Toutefois, nous savons avec certitude que leurs chemins se sont croisés au retour d’Alfred Bessette, en 1867. Employé comme garçon de ferme chez Louis Ouimet, on remarque assez rapidement que le jeune homme pratique une prière très intense. M. Ouimet s’ouvre au curé Provençal qui convoque les deux hommes. Au fil des discussions, le curé découvre qu’Alfred Bessette, n’ayant pas suffisamment d’éducation et trop pauvre, ne peut poursuivre son idéal de vie consacrée.

«Je vais voir où le placer» aurait affirmé le curé Provençal5.

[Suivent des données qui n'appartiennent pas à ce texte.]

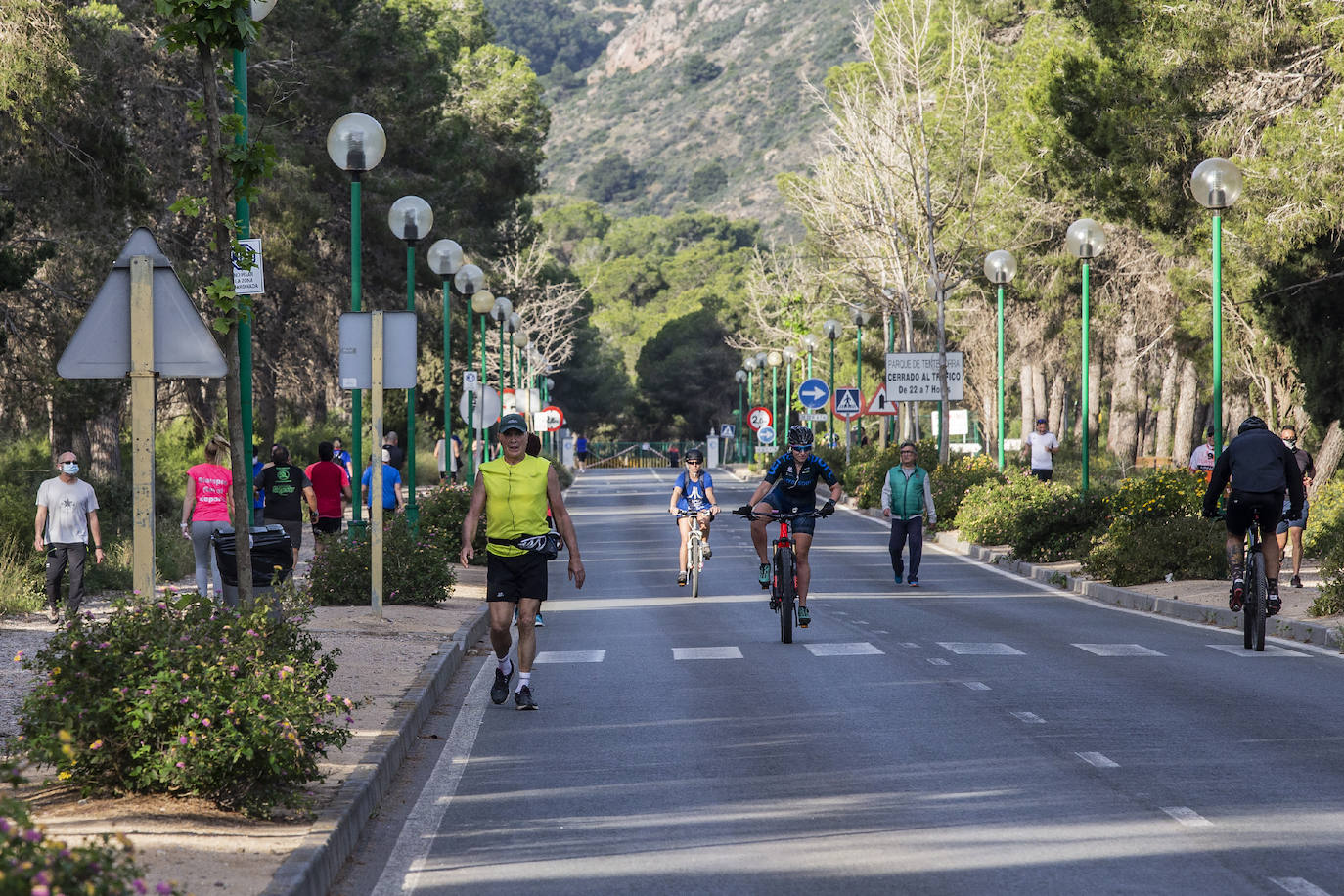 Fotos: Los murcianos salen a pasear y hacer deporte tras más de un mes de confinamiento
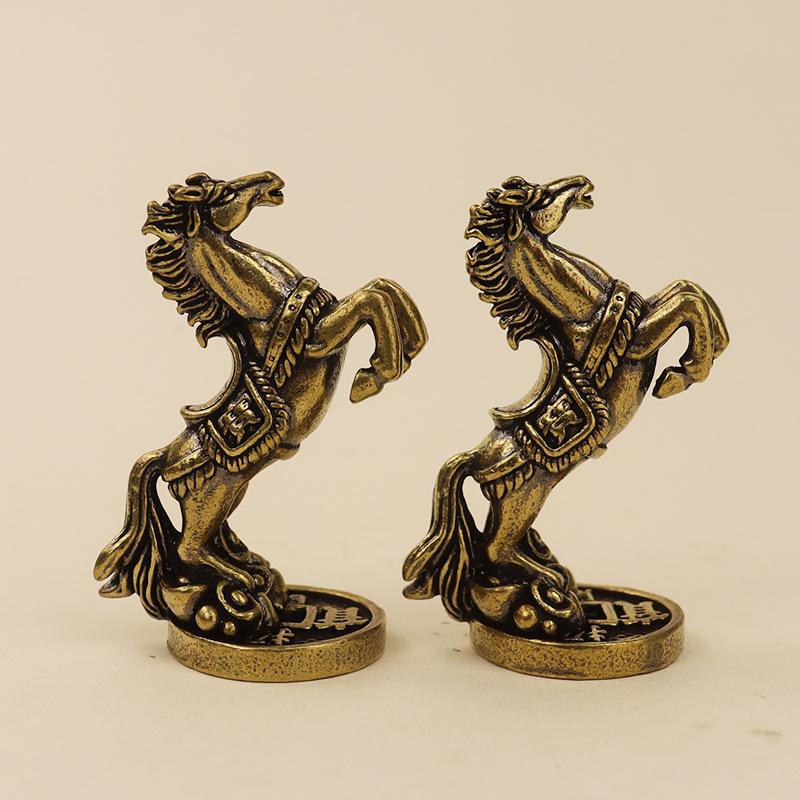

Horse Shaped Small Ornaments Made Of Brass Handicrafts One Size золотий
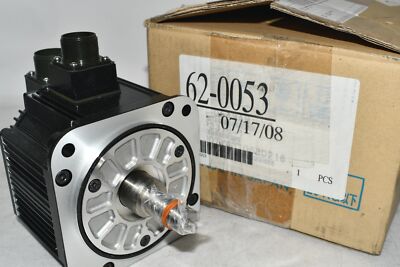 NEW HAAS 62-0053 Servo Motor YASKAWA SGMG-05A2AB 450W 1500RPM 200V 3.8AMP ENCODE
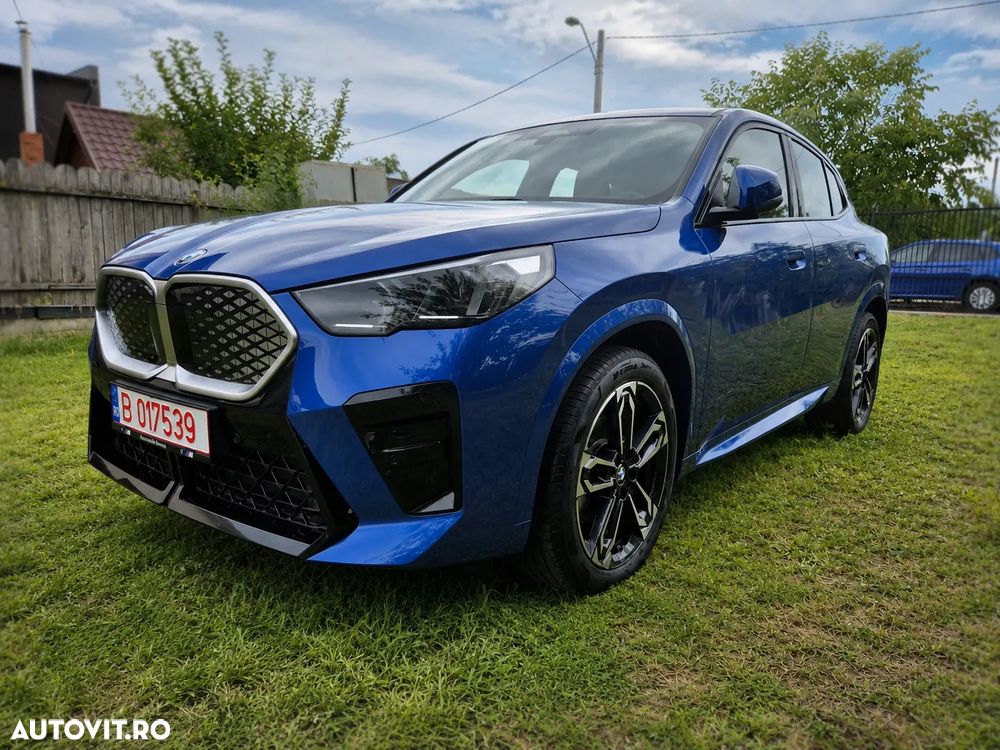BMW iX2 - 1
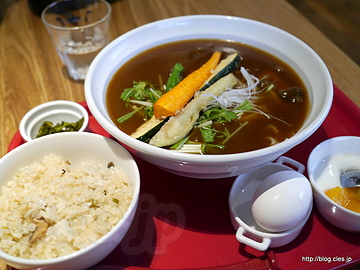 揚げ野菜のせカレーきしめん - 仁 JIN （ランチ編）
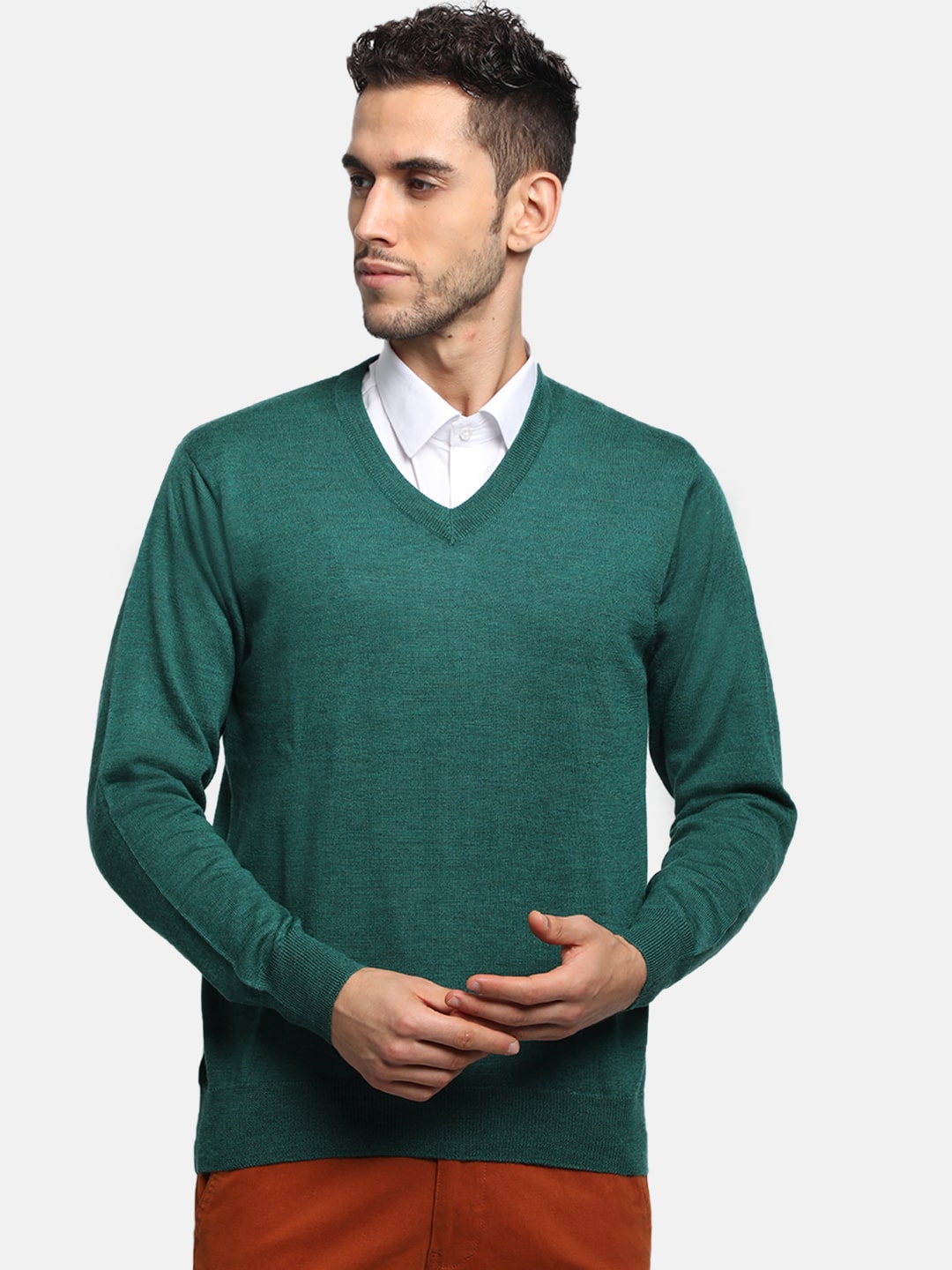

Monte Carlo Men Green V neck Pullover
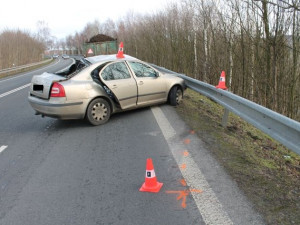 Řidič narazil svou Octavií do traktoru a svodidel. Foto: Policie ČR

Le reste appartient à l’histoire. Le curé Provençal présente Alfred aux Frères de Saint-Joseph du Collège Saint-André. Quelques temps après, il le conduit aux portes du Collège de Saint-Laurent, maison provinciale de la Congrégation de Sainte-Croix, à Montréal. Puis, en 1870, le jeune homme rejoint le noviciat de la Congrégation au Collège Notre-Dame de la Côte-des-Neiges. Frère André habite dorénavant devant la montagne…

Peut-être vous demandez-vous quelle est la trace du curé Provençal dont nous avons fait mention au début de ce texte ? Il s’agit de sa signature retrouvée à la page de garde de l’Annuaire de Marie ou le Véritable serviteur de la saint Vierge, publié en 1839. À la journée de la fête de saint Joseph, l’instruction porte sur «la dévotion de faire des vœux et des pèlerinages…»

Sources des images:

Portrait du curé Joseph André Provençal, date inconnu. Archives de l’Oratoire Saint-Joseph du Mont-Royal, 1-19.

Frère André lors de la profession des vœux perpétuels, 1874. Henri Larin, photographe. Archives de l’Oratoire Saint-Joseph du Mont-Royal, 5-1.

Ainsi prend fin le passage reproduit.